→ **The task**
Reproduce the records below exactly as shown.

→ **Given records**
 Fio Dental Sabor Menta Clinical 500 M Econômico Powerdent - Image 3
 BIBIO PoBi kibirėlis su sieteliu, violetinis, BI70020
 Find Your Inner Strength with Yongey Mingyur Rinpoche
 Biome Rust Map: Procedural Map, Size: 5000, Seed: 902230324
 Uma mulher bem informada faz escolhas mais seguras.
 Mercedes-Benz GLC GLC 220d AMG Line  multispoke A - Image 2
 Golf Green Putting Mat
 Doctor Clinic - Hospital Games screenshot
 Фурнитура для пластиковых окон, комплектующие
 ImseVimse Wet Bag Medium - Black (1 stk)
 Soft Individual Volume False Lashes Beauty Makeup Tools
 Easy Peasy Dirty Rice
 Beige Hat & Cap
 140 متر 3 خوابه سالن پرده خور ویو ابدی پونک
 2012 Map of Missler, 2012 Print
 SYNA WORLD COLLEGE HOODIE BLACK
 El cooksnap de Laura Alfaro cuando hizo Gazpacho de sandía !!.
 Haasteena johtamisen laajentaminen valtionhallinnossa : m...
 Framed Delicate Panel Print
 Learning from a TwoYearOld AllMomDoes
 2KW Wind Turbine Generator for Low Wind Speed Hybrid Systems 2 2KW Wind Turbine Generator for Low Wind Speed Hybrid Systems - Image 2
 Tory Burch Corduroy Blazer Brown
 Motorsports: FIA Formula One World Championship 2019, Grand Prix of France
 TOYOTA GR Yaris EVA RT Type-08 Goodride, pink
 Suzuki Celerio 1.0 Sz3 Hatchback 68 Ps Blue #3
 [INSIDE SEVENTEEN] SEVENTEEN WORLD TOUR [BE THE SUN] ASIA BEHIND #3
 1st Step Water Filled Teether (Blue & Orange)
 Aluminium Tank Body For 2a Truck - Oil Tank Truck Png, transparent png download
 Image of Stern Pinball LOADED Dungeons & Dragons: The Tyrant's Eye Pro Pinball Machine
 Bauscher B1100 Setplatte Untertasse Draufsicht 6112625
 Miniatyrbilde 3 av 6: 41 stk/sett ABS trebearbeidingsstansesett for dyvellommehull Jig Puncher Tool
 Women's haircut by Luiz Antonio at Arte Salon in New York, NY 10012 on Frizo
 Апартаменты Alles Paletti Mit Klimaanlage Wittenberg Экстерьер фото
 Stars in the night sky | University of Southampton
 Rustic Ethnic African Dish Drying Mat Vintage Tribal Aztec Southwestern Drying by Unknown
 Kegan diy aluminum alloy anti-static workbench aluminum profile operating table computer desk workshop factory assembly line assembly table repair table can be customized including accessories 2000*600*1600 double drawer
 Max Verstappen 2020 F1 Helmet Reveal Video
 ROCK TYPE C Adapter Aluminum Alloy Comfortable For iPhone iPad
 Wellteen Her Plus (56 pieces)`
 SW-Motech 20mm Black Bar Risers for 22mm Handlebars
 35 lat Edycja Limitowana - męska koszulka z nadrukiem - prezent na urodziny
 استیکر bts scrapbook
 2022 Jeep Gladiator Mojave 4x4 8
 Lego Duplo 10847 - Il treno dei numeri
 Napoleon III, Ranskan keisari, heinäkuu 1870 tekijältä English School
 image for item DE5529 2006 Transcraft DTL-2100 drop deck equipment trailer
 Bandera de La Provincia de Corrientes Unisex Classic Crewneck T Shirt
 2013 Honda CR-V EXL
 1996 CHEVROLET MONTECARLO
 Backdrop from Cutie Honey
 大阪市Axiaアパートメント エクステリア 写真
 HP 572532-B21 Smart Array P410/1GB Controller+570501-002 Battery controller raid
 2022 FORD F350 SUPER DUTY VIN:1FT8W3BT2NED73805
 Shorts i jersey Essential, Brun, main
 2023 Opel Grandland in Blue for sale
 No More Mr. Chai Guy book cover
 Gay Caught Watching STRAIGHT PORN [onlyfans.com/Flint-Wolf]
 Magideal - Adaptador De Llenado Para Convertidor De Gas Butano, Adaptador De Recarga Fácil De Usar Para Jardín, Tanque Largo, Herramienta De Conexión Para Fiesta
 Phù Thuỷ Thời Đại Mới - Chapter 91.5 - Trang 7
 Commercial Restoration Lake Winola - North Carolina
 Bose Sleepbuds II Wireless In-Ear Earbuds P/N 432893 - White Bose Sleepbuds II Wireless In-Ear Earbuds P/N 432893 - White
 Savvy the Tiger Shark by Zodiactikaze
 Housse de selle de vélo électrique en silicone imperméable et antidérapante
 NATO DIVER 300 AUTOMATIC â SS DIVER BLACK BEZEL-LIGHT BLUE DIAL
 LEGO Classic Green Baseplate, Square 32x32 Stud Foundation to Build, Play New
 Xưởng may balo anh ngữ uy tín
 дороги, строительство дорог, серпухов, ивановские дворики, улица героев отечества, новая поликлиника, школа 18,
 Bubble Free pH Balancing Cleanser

→ **Expected output**
 Fio Dental Sabor Menta Clinical 500 M Econômico Powerdent - Image 3
 BIBIO PoBi kibirėlis su sieteliu, violetinis, BI70020
 Find Your Inner Strength with Yongey Mingyur Rinpoche
 Biome Rust Map: Procedural Map, Size: 5000, Seed: 902230324
 Uma mulher bem informada faz escolhas mais seguras.
 Mercedes-Benz GLC GLC 220d AMG Line  multispoke A - Image 2
 Golf Green Putting Mat
 Doctor Clinic - Hospital Games screenshot
 Фурнитура для пластиковых окон, комплектующие
 ImseVimse Wet Bag Medium - Black (1 stk)
 Soft Individual Volume False Lashes Beauty Makeup Tools
 Easy Peasy Dirty Rice
 Beige Hat & Cap
 140 متر 3 خوابه سالن پرده خور ویو ابدی پونک
 2012 Map of Missler, 2012 Print
 SYNA WORLD COLLEGE HOODIE BLACK
 El cooksnap de Laura Alfaro cuando hizo Gazpacho de sandía !!.
 Haasteena johtamisen laajentaminen valtionhallinnossa : m...
 Framed Delicate Panel Print
 Learning from a TwoYearOld AllMomDoes
 2KW Wind Turbine Generator for Low Wind Speed Hybrid Systems 2 2KW Wind Turbine Generator for Low Wind Speed Hybrid Systems - Image 2
 Tory Burch Corduroy Blazer Brown
 Motorsports: FIA Formula One World Championship 2019, Grand Prix of France
 TOYOTA GR Yaris EVA RT Type-08 Goodride, pink
 Suzuki Celerio 1.0 Sz3 Hatchback 68 Ps Blue #3
 [INSIDE SEVENTEEN] SEVENTEEN WORLD TOUR [BE THE SUN] ASIA BEHIND #3
 1st Step Water Filled Teether (Blue & Orange)
 Aluminium Tank Body For 2a Truck - Oil Tank Truck Png, transparent png download
 Image of Stern Pinball LOADED Dungeons & Dragons: The Tyrant's Eye Pro Pinball Machine
 Bauscher B1100 Setplatte Untertasse Draufsicht 6112625
 Miniatyrbilde 3 av 6: 41 stk/sett ABS trebearbeidingsstansesett for dyvellommehull Jig Puncher Tool
 Women's haircut by Luiz Antonio at Arte Salon in New York, NY 10012 on Frizo
 Апартаменты Alles Paletti Mit Klimaanlage Wittenberg Экстерьер фото
 Stars in the night sky | University of Southampton
 Rustic Ethnic African Dish Drying Mat Vintage Tribal Aztec Southwestern Drying by Unknown
 Kegan diy aluminum alloy anti-static workbench aluminum profile operating table computer desk workshop factory assembly line assembly table repair table can be customized including accessories 2000*600*1600 double drawer
 Max Verstappen 2020 F1 Helmet Reveal Video
 ROCK TYPE C Adapter Aluminum Alloy Comfortable For iPhone iPad
 Wellteen Her Plus (56 pieces)`
 SW-Motech 20mm Black Bar Risers for 22mm Handlebars
 35 lat Edycja Limitowana - męska koszulka z nadrukiem - prezent na urodziny
 استیکر bts scrapbook
 2022 Jeep Gladiator Mojave 4x4 8
 Lego Duplo 10847 - Il treno dei numeri
 Napoleon III, Ranskan keisari, heinäkuu 1870 tekijältä English School
 image for item DE5529 2006 Transcraft DTL-2100 drop deck equipment trailer
 Bandera de La Provincia de Corrientes Unisex Classic Crewneck T Shirt
 2013 Honda CR-V EXL
 1996 CHEVROLET MONTECARLO
 Backdrop from Cutie Honey
 大阪市Axiaアパートメント エクステリア 写真
 HP 572532-B21 Smart Array P410/1GB Controller+570501-002 Battery controller raid
 2022 FORD F350 SUPER DUTY VIN:1FT8W3BT2NED73805
 Shorts i jersey Essential, Brun, main
 2023 Opel Grandland in Blue for sale
 No More Mr. Chai Guy book cover
 Gay Caught Watching STRAIGHT PORN [onlyfans.com/Flint-Wolf]
 Magideal - Adaptador De Llenado Para Convertidor De Gas Butano, Adaptador De Recarga Fácil De Usar Para Jardín, Tanque Largo, Herramienta De Conexión Para Fiesta
 Phù Thuỷ Thời Đại Mới - Chapter 91.5 - Trang 7
 Commercial Restoration Lake Winola - North Carolina
 Bose Sleepbuds II Wireless In-Ear Earbuds P/N 432893 - White Bose Sleepbuds II Wireless In-Ear Earbuds P/N 432893 - White
 Savvy the Tiger Shark by Zodiactikaze
 Housse de selle de vélo électrique en silicone imperméable et antidérapante
 NATO DIVER 300 AUTOMATIC â SS DIVER BLACK BEZEL-LIGHT BLUE DIAL
 LEGO Classic Green Baseplate, Square 32x32 Stud Foundation to Build, Play New
 Xưởng may balo anh ngữ uy tín
 дороги, строительство дорог, серпухов, ивановские дворики, улица героев отечества, новая поликлиника, школа 18,
 Bubble Free pH Balancing Cleanser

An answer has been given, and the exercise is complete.